A New York judge has ruled that embedding an Instagram post on a third-party website is not copyright infringement, as the photographer has agreed to Terms and Conditions that provides the social media giant a sub-licence for all content.
The groundbreaking ruling against the photographer is a stern reminder of how ambiguous and indecipherable T&Cs can be manipulated, and the power and control social media companies hold over photographers and content creators.
In 2016, photojournalist Stephanie Sinclair sued tech news website, Mashable, for copyright infringement after her Instagram post was embedded in an listicle (remember those?!) titled, ‘10 female photojournalists with their lenses on social justice‘. Mashable initially offered Sinclair a meagre US$50 licensing fee for a photo, and after she declined they found a loophole by embedding the photo directly from Instagram.

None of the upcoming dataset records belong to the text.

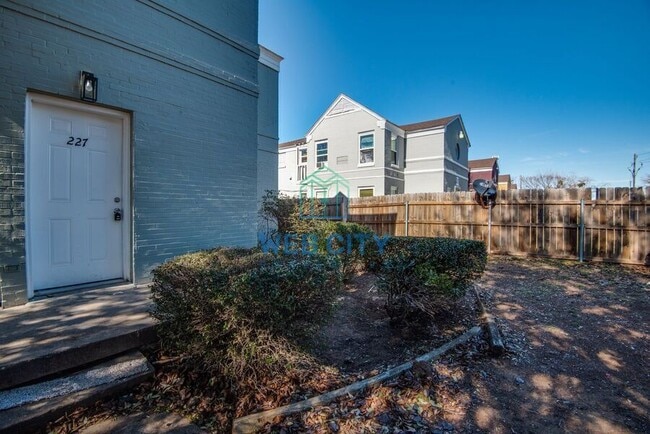 Photo - 227 SE 13th St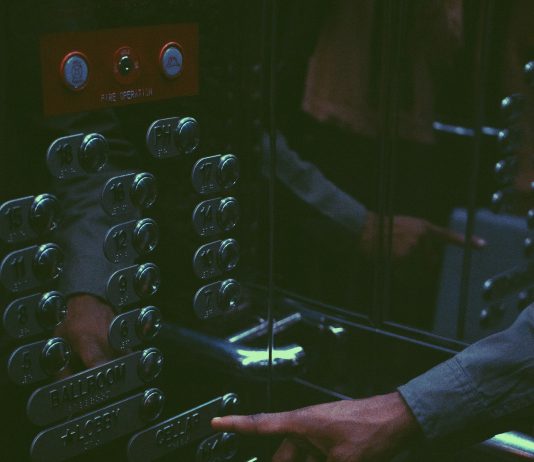 Kako koristiti lift kao džentlmen?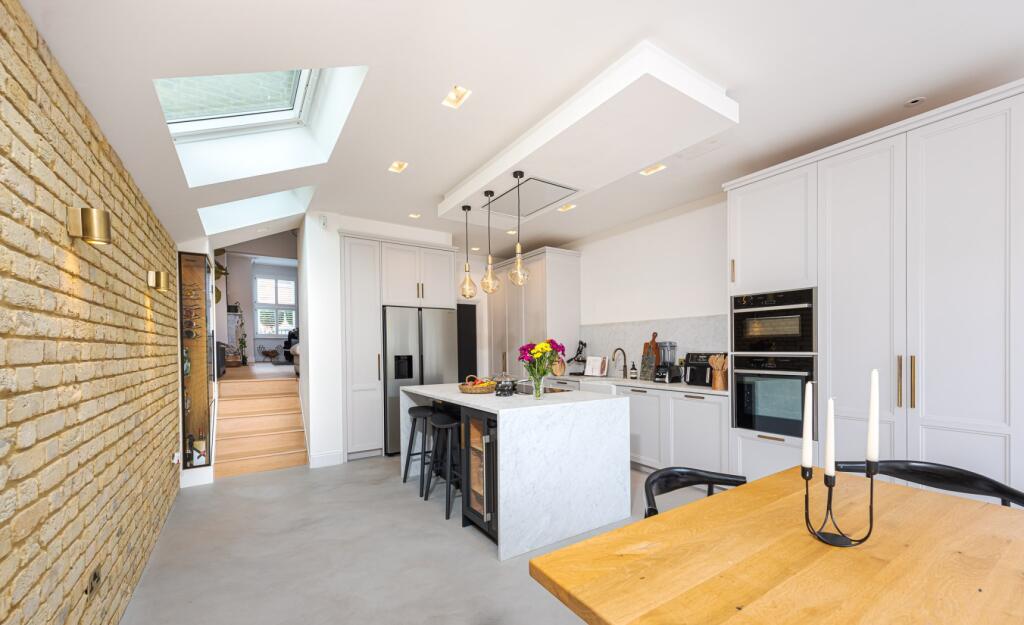 Main image of property: GREYSWOOD STREET, SW16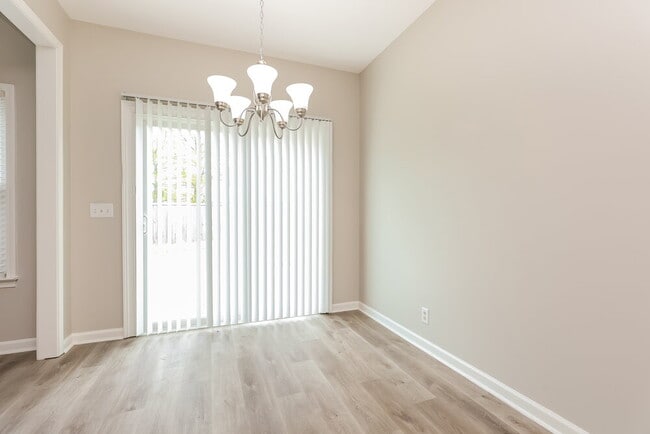Building Photo - 903 Bexley Dr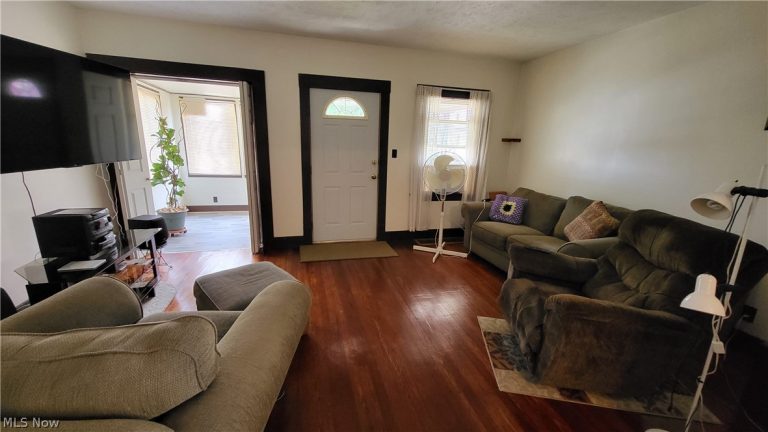 3116 Saratoga Avenue, Cleveland, OH - Photo 4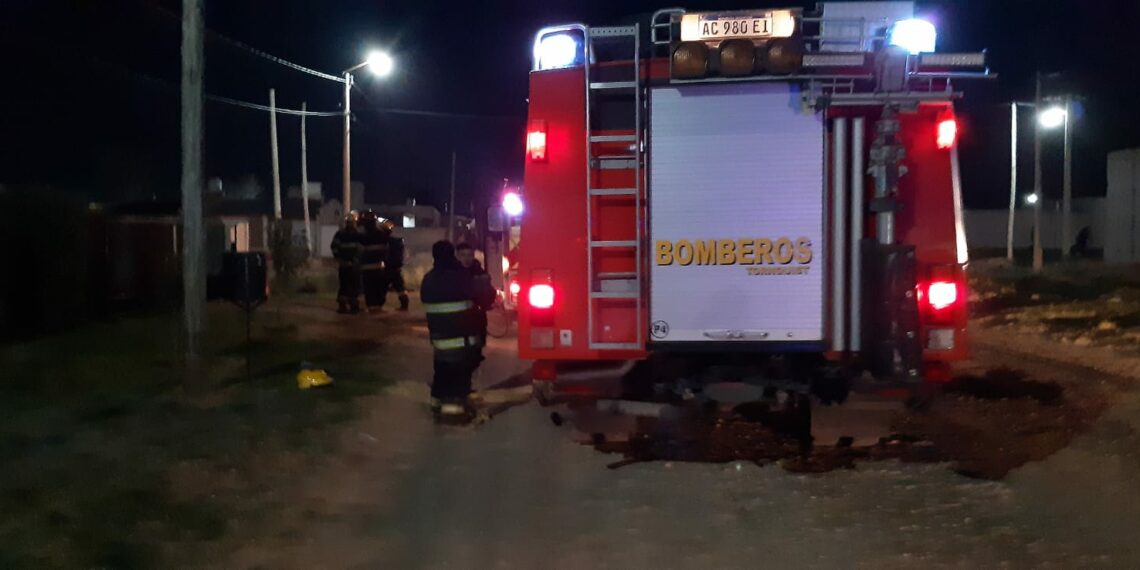 Principio de incendio en el patio de una vivienda (Video)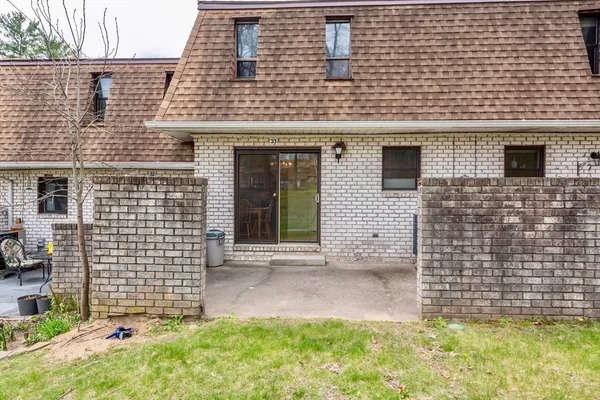 $254,900 | 33 Granby Heights, Unit 33, Granby, MA 01033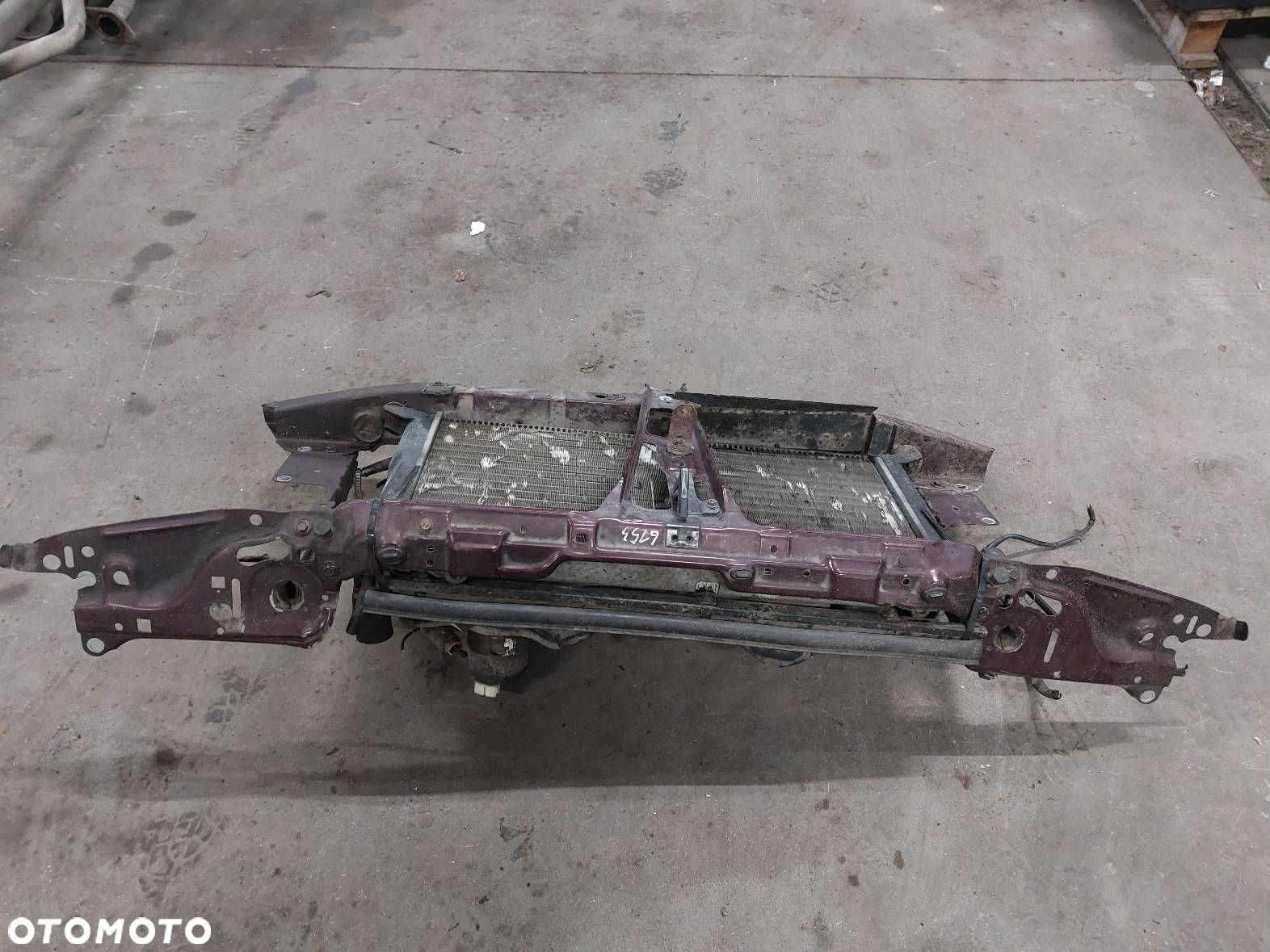 PAS PRZEDNI WZMOCNIENIE CZOŁOWE + CHŁODNICA WODY AUDI 80 B4 2.0 8V - 2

Embedding is a feature on Instagram – and other social media platforms like Facebook, YouTube, Twitter, and Vimeo – which allows third parties to copy code to generate a user’s post on a website. On Instagram the embed feature is available on all public posts, and the only way to disable it is by setting an account to private. For professional photographers, this isn’t ideal as the point of being on Instagram is to promote their work to a wide audience.
Previously in US copyright law, these legal disputes usually revolve around a Server Test. The argument is that embedding cannot be considered copyright infringement, as the alleged copyrighted material is hosted elsewhere – not directly on the defendant’s website server. In this case, the content is hosted on Instagram’s server, and Mashable doesn’t hold an actual copy of the image.

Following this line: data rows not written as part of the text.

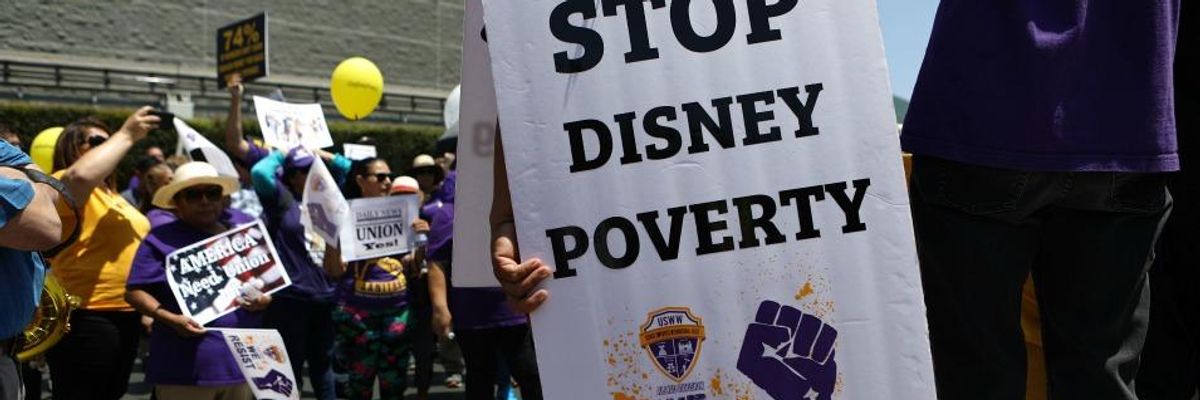 In Victory for Workers Demanding 'Justice and Dignity,' Disneyland Employees Secure $15 Minimum Wage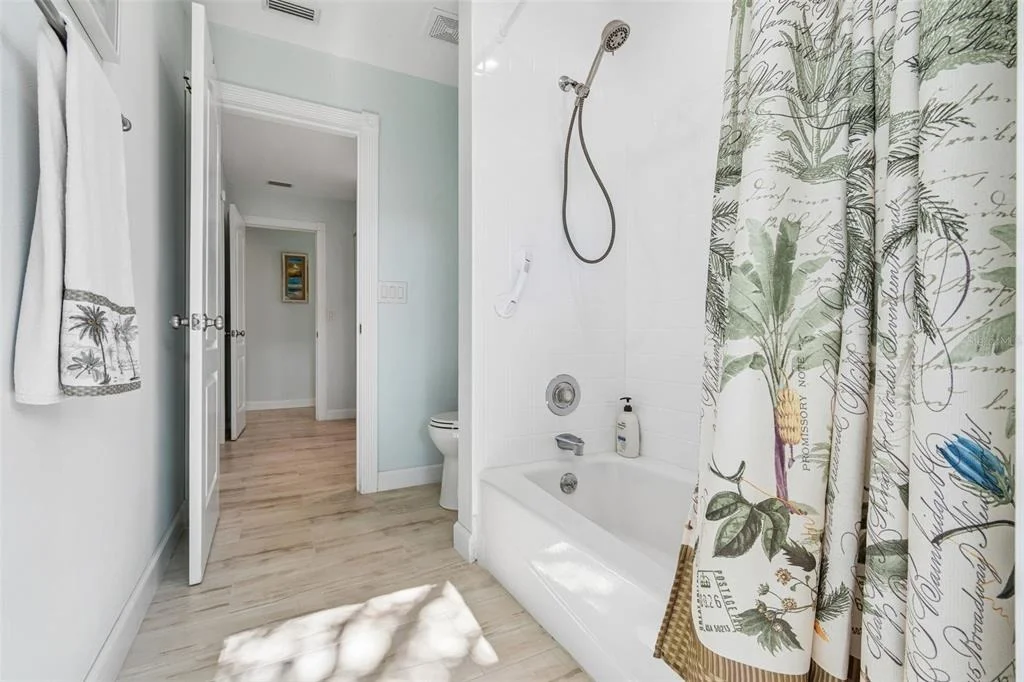 Photo of 4627 TRAILS DRIVE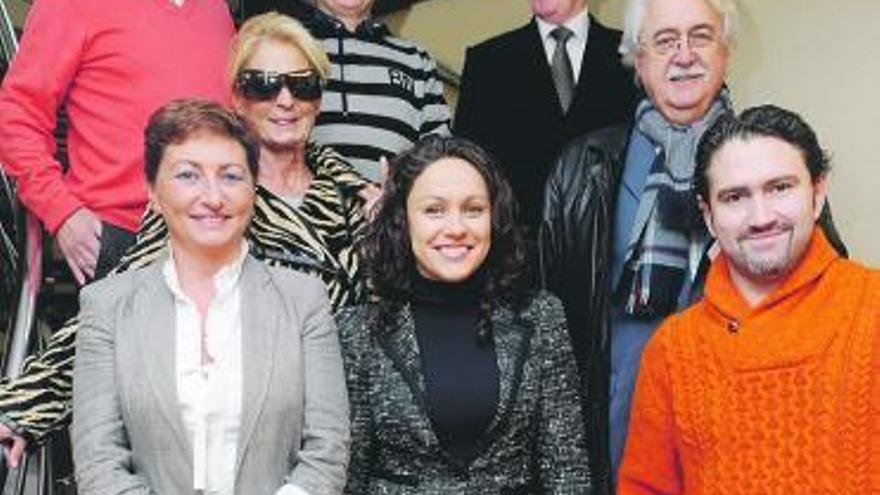 De izquierda a derecha, Juvacho, Gallego, González, Lobo, San Emeterio, García, Díaz y Noval, ayer, durante la presentación del concierto solidario.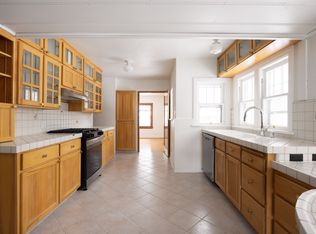 2350 NE 8th St, Bend, OR 97701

The Server Test has been compelling enough for many US courts to determine embedding doesn’t qualify as direct distribution or publishing, but there are inconsistencies. In 2018 a New York judge ruled that several news sites had infringed copyright when they embedded a photo, setting shaky precedent for future use of the Server Test doctrine. So Mashable’s lawyers reasoned the odds were stacked against them, and instead dived deep into Instagram’s T&Cs and found a sub-licence clause Sinclair ‘agreed to’ when she signed up.

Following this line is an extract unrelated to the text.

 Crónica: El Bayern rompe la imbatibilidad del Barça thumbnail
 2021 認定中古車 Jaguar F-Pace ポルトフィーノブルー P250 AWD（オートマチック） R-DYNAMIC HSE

Judge Kimba Wood noted that users provide Instagram a ‘non-exclusive, fully paid and royalty-free, transferable, sub-licensable, worldwide license to the Content that you post’.
This clause is fairly standard issue for social media platforms and other online services. While it reads similar to a rights-grab clause the purpose is ostensibly to allow the platform to run smoothly, host user content, and protect itself from potential legal disputes. For instance, the Instagram user experience would be poor if a user had to provide consent for every post. While most users never actually read website T&Cs, chances are these kind of clauses are in there somewhere.
However, Mashable‘s lawyers managed to convince the judge that this clause, combined with the embed feature, created a binding agreement between Sinclair, Instagram and Mashable. It seems unlikely this was Instagram’s intention for the clause, but Judge Wood was persuaded.
‘Thus, because [Sinclair] uploaded the Photograph to Instagram and designated it as “public,” she agreed to allow Mashable, as Instagram’s sublicensee, to embed the Photograph in its website,’ she said.
It’s a kind-of weird scenario, given there is no real interaction between Sinclair, Instagram, and Mashable, and Instagram doesn’t appear to have an interest in sublicensing content to Mashable. But it’s all there, inferred in the T&Cs, it seems. Sinclair attempted to counter the argument by stating the Instagram T&Cs are too complex – they are ‘circular’, ‘incomprehensible’, and ‘contradictory’.
‘[Sinclair] claims it is contradictory for Instagram to simultaneously demand that users respect the intellectual property rights of others when uploading content to Instagram, while also granting those users a right to share other users’ public posts containing copyrighted material. [Sinclair] misses the distinction between a user’s initial uploading of content to Instagram, and a user’s subsequent sharing of content that has already been uploaded to Instagram,’ Judge Wood said.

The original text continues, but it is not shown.